Welche Sänger bewundern Sie selbst?

Ich mag an Barbra Streisand, dass sie so vielfältig in Klassik, Rock, Pop und Jazz erfolgreich ist. Ihre Stimme klingt noch immer grandios, kraftvoll und nie angestrengt. Auch Freddie Mercury war früher eine Entdeckung. Er hatte eine ausdrucksstarke, furchtlose Art. Ihn kümmerte gar nicht, ob etwas gut ankommt. Er machte einfach sein Ding.

Ich war nicht immer so, sondern wollte, dass sich alle mit dem Ergebnis wohlfühlen. Mir gelingt erst jetzt, nur noch Projekte umzusetzen, die mich selbst inspirieren.
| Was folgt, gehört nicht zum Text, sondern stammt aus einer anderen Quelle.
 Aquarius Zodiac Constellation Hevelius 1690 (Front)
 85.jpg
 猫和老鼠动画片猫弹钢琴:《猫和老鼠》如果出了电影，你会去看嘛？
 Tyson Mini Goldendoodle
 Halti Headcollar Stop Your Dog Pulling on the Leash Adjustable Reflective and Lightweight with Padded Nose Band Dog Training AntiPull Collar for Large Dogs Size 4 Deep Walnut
Irgendwelchen Positionen in den Charts oder Erfolgen nachzujagen, macht eh keinen Sinn.

Auch Yoga hat mir geholfen, einen besseren Abstand zu den Dingen zu finden. Ich unterrichte es inzwischen, und es füllt mich glücklicherweise als zweites Standbein ähnlich aus wie die Musik. Auch die Philosophie dahinter fasziniert. Wenn man sich leichter von Besitztümern, falschem Ehrgeiz oder Eitelkeiten löst, kommen plötzlich genau die richtigen Menschen und Projekte auf einen zu.
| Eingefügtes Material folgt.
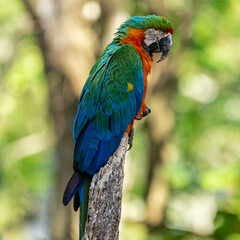  Hybrid macaw. This specimen was a result of the crossbreeding of a Great green macaw (Ara ambigua) and a Scarlet macaw (Ara macao).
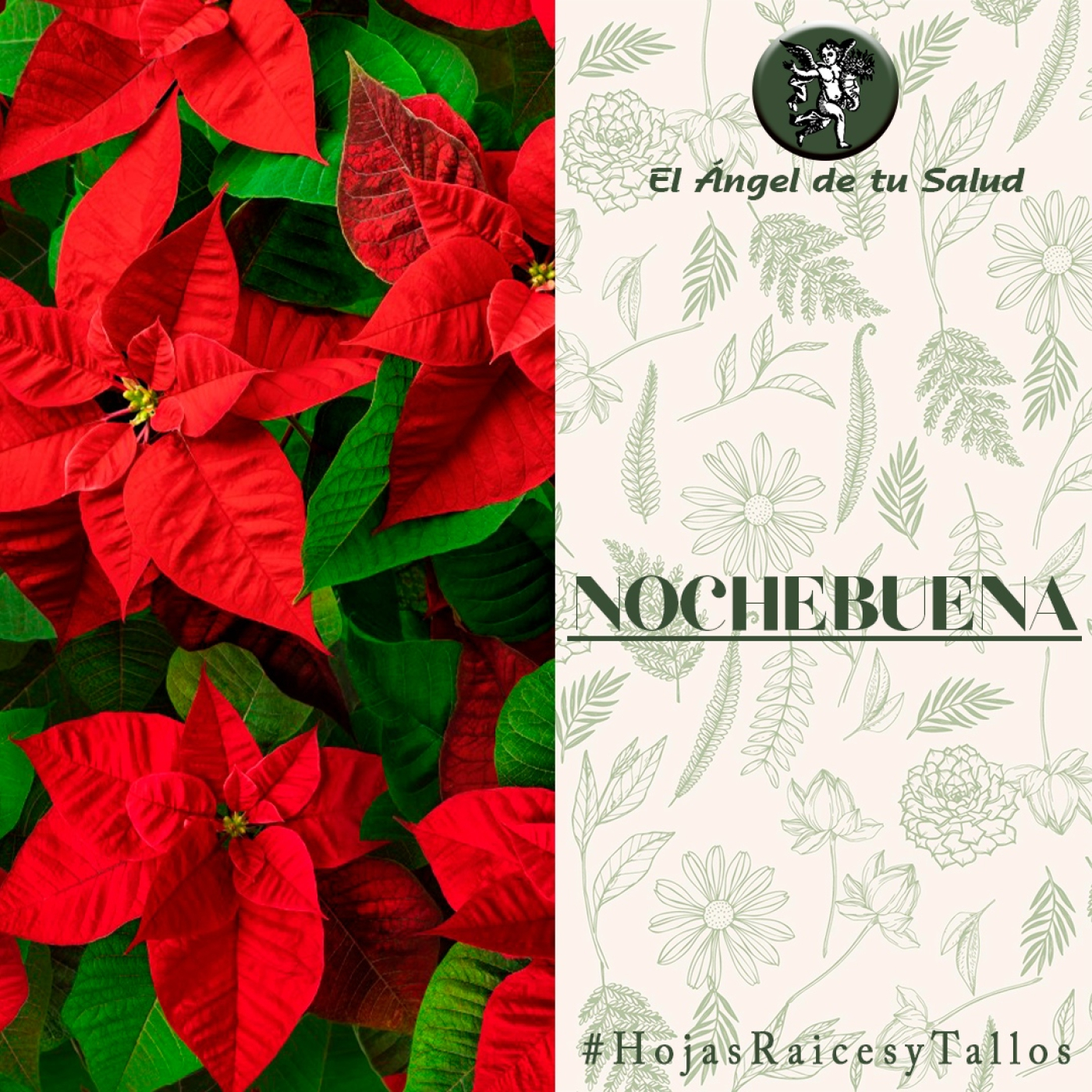 El Ángel de tu Salud - Nochebuena** episode artwork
Welche Projekte und Menschen beschäftigen Sie gerade?

Ich verehre sehr den Schriftsteller Michael Ende. Als Kind fand ich seine Geschichten spannend. Als Erwachsene bringt er mich mit seiner wahren und berührenden Art zu erzählen sogar zum Weinen. Durch Zufall kam ich auf der Frankfurter Buchmesse mit seinem Nachlassverwalter in Kontakt. Nun kenne ich auch die Lyrik von Ende, die ich großartig finde.
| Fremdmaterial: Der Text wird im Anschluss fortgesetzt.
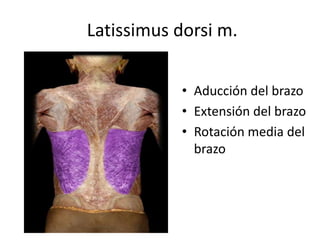 Latissimus dorsi m.
• Aducción del brazo
• Extensión del brazo
• Rotación media del
brazo
 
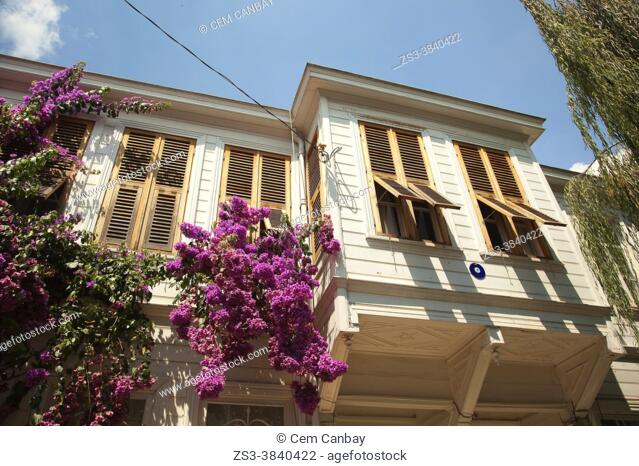 View to the facade of a traditional wooden house with pastel colors in Heybeliada-Halki, Prince Islands, Istanbul, Marmara Region, Turkey, Europe
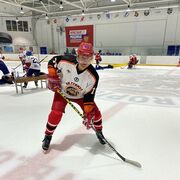 ���������� ����, ���� ������� ����, 46 ���, ������������ ��� ����� � ���������, c�������� ���������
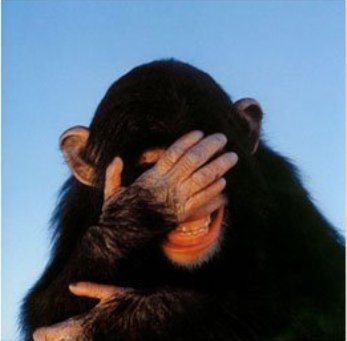 embarrassed-chimp-2.jpeg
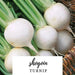 SHOGOIN TURNIP Seeds  Asian Vegetable. - Caribbean garden seed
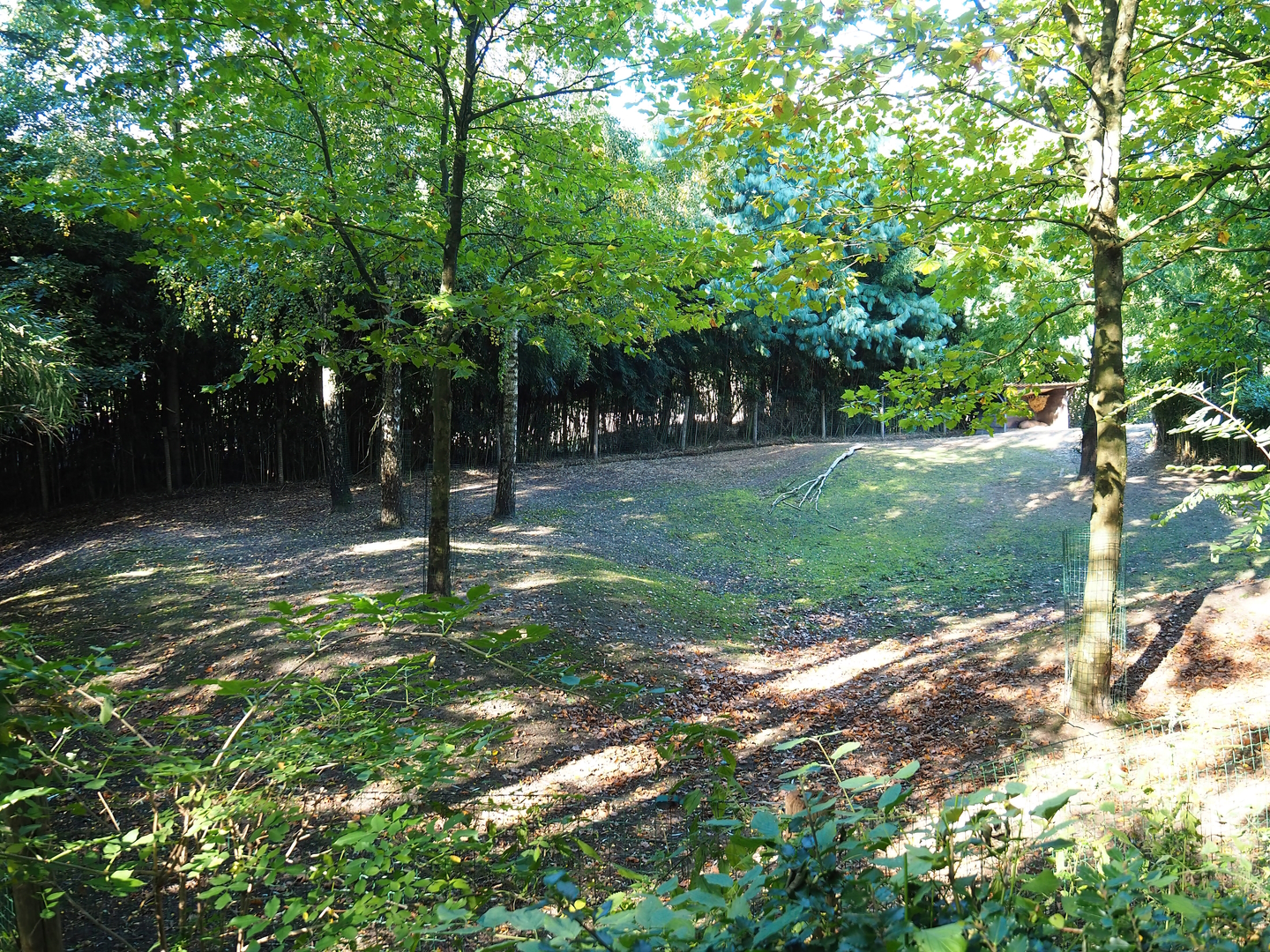 South American tapir and Capybara exhibit - Open forest section, 2022-10-09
Ich darf sie aktuell in einer deutsch-italienischen Produktion vertonen. Dazugestoßen ist bereits ein Mailänder Komponist. Ich verehre ebenfalls Reinhard Mey, der das deutsche Wort als Liedermacher auf ein neues Niveau gehoben hat. Ein wenig sehen wir uns in seiner Tradition.